The families of Syria’s disappeared have put up posters in Damascus desperately pleading for information [Getty]
The Syrian Network for Human Rights (SNHR) has said that over 177,000 people in the country are now officially classified as forcibly disappeared.
In a new report released on the 14th anniversary of the 2011 Syrian uprising against the regime of ousted President Bashar al-Assad, SNHR said that it had increased the number of people it had previously classified as forcibly disappeared to 177,021.
These include 160,123 forcibly disappeared by Assad regime forces. Of these, 3,736 were children and 8,014 were women.
SNHR said 16,898 people were forcibly disappeared by other parties to the conflict, which over 14 years of conflict have included the Islamic State extremist group, the Kurdish-led Syrian Democratic Forces, and the Islamist Hay’at Tahrir al-Sham group which spearheaded the Syrian rebel assault which overthrew Assad in December 2024.
Last December, SNHR said that of the 136,614 people it had documented as forcibly disappeared at the time, only around 24,000 had been found in the Assad regime’s jails.

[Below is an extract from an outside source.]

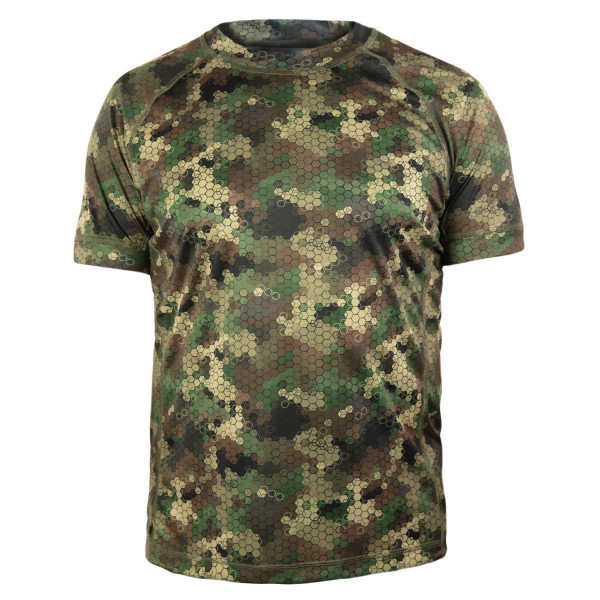 Thermowave Boxers 11BASE751-990. 3XL. Green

The rest were most likely dead, SNHR director Fadel Abdul Ghany said.
Thousands of prisoners were freed from the regime’s prisons following the rebel assault but many more were not found, despite desperate appeals from their families for information.
SNHR also said in the report that it had documented the killing of 234,415 civilians throughout the Syrian conflict, which began in March 2011, following the brutal suppression of protests by the Assad regime.
It said that 202,012 civilians had been killed by regime forces while 32,133 had been killed by other parties to the conflict.
The total number of people killed is estimated to be much higher, at over 500,000, but most of these have not been documented by the SNHR.
The SNHR said that its latest report comes during a long awaited transition period following Assad regime rule, and added that the Syrian people had “suffered enormous human and economic losses and made great sacrifices for freedom, dignity, and justice”.